* Material provided:
#####

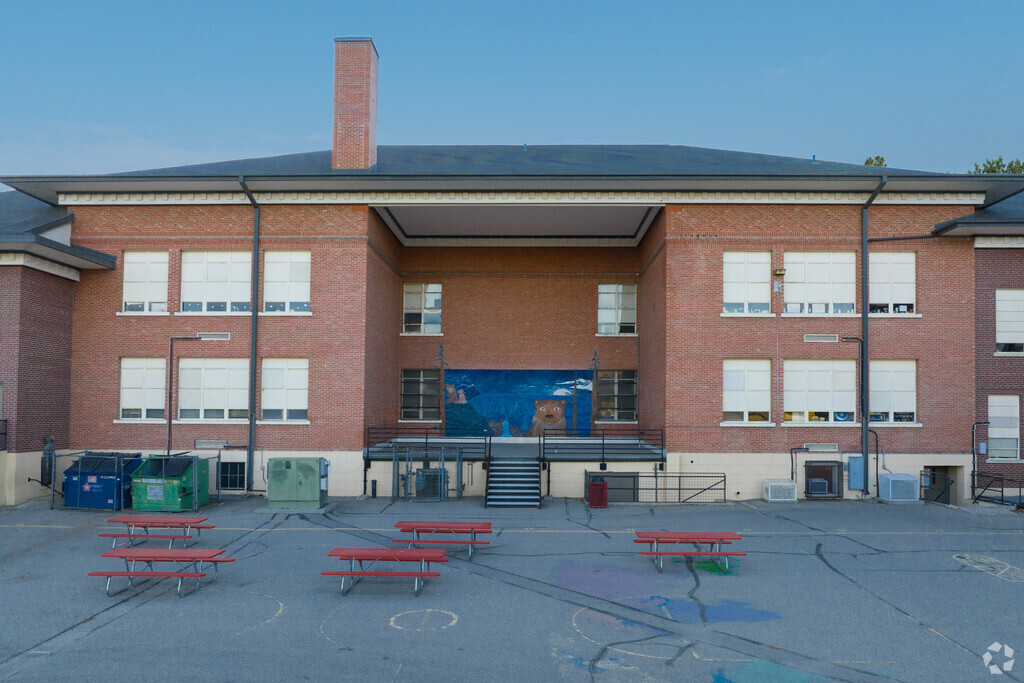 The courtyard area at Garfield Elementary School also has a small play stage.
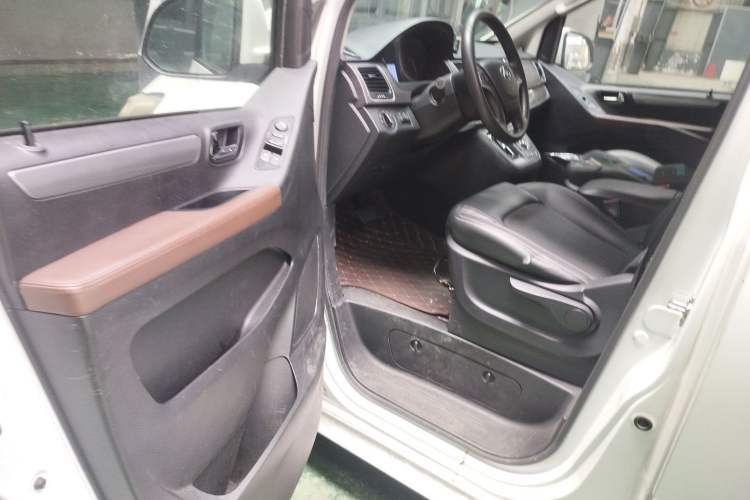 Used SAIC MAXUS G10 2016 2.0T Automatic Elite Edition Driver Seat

#####

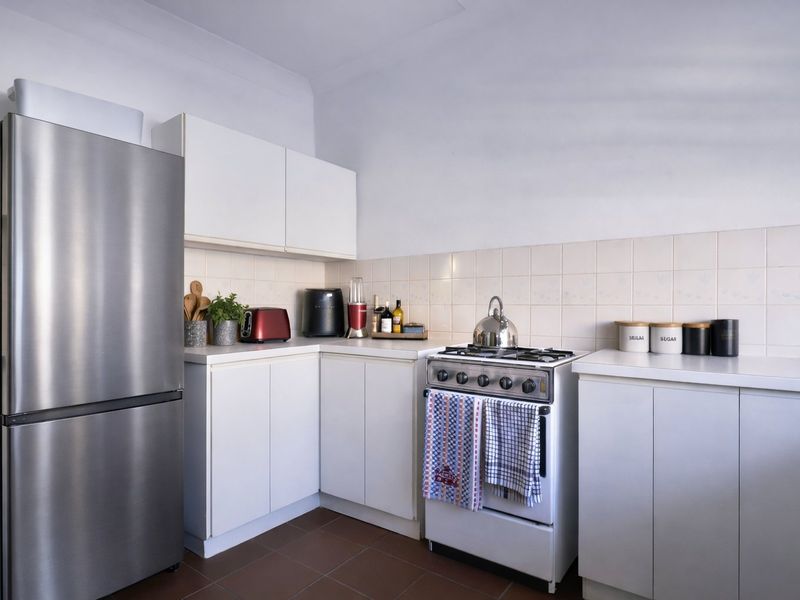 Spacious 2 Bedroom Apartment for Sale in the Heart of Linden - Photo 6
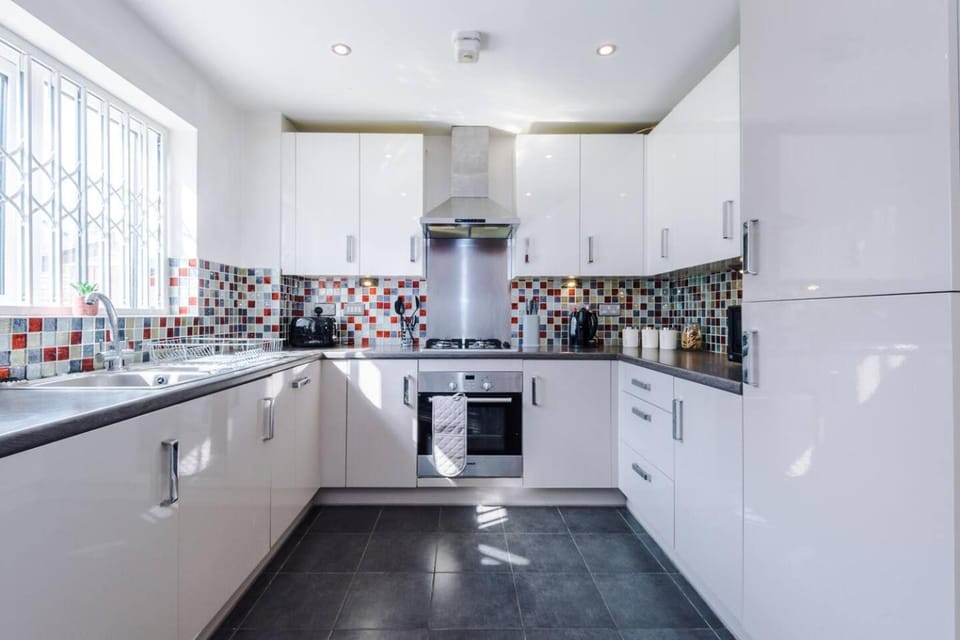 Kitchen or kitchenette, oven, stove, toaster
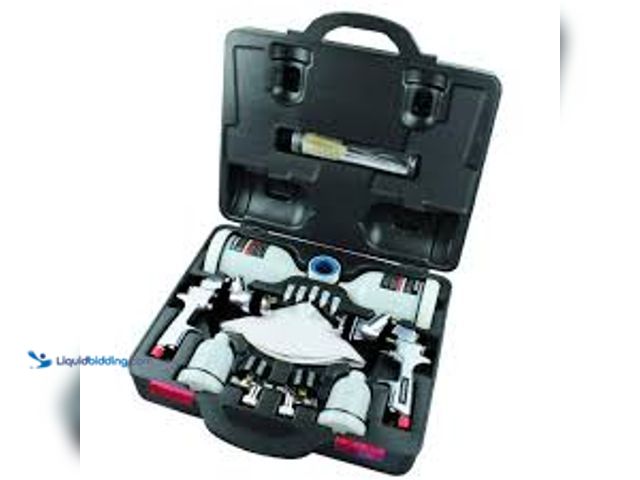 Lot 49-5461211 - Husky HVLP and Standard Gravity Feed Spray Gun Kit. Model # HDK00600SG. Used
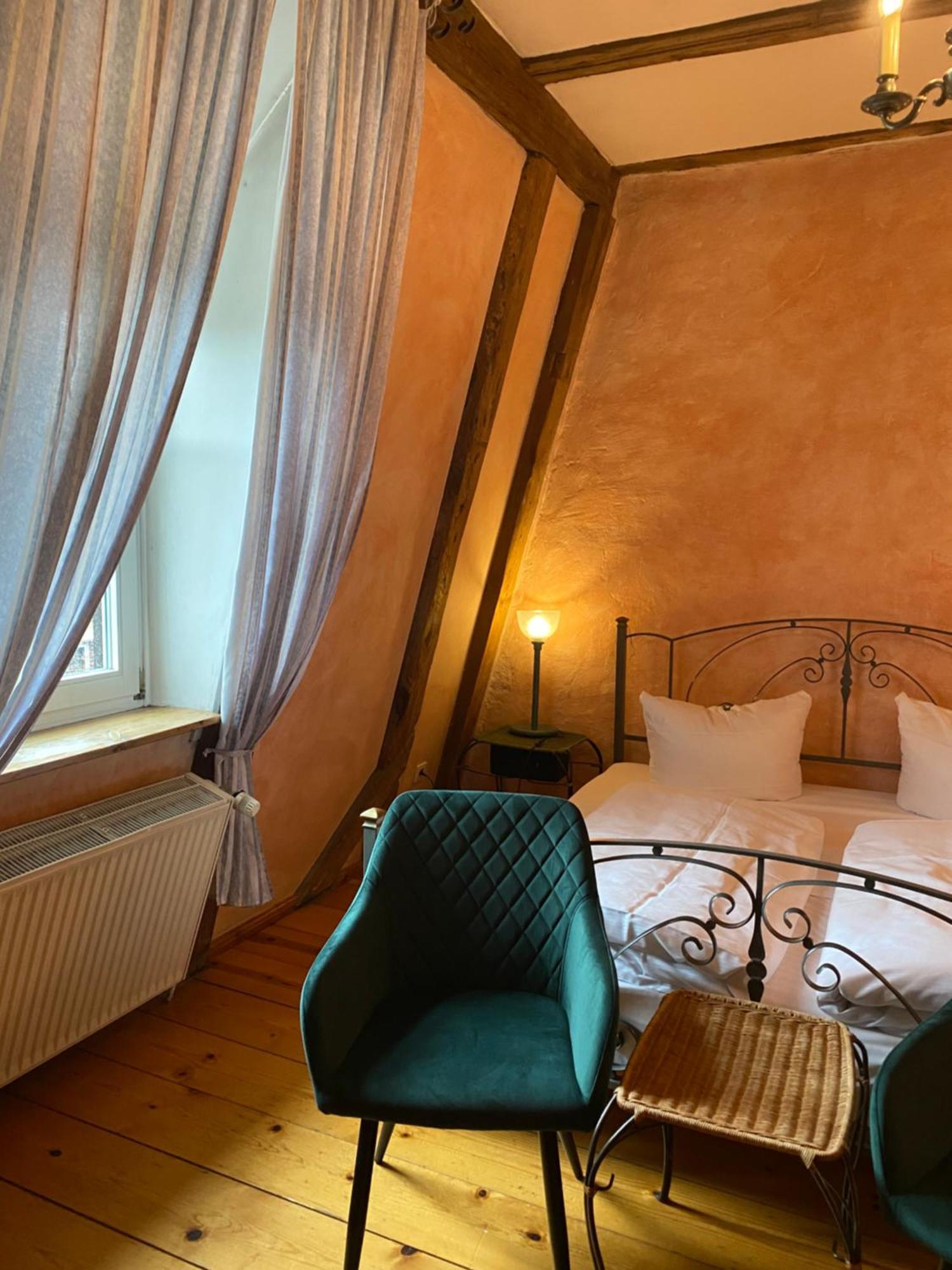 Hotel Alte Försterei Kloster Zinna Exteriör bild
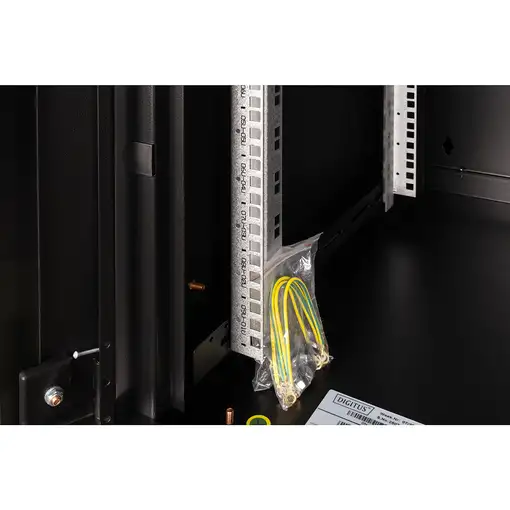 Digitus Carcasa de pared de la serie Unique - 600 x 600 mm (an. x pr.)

#####

* Task instructions:
What you return from the records above should be exactly everything from the line with "Lot 49-5461211 - Husky" down to the line with "Digitus Carcasa de", both kept, and no pictures.

* Written reply:
 Lot 49-5461211 - Husky HVLP and Standard Gravity Feed Spray Gun Kit. Model # HDK00600SG. Used
 Hotel Alte Försterei Kloster Zinna Exteriör bild
 Digitus Carcasa de pared de la serie Unique - 600 x 600 mm (an. x pr.)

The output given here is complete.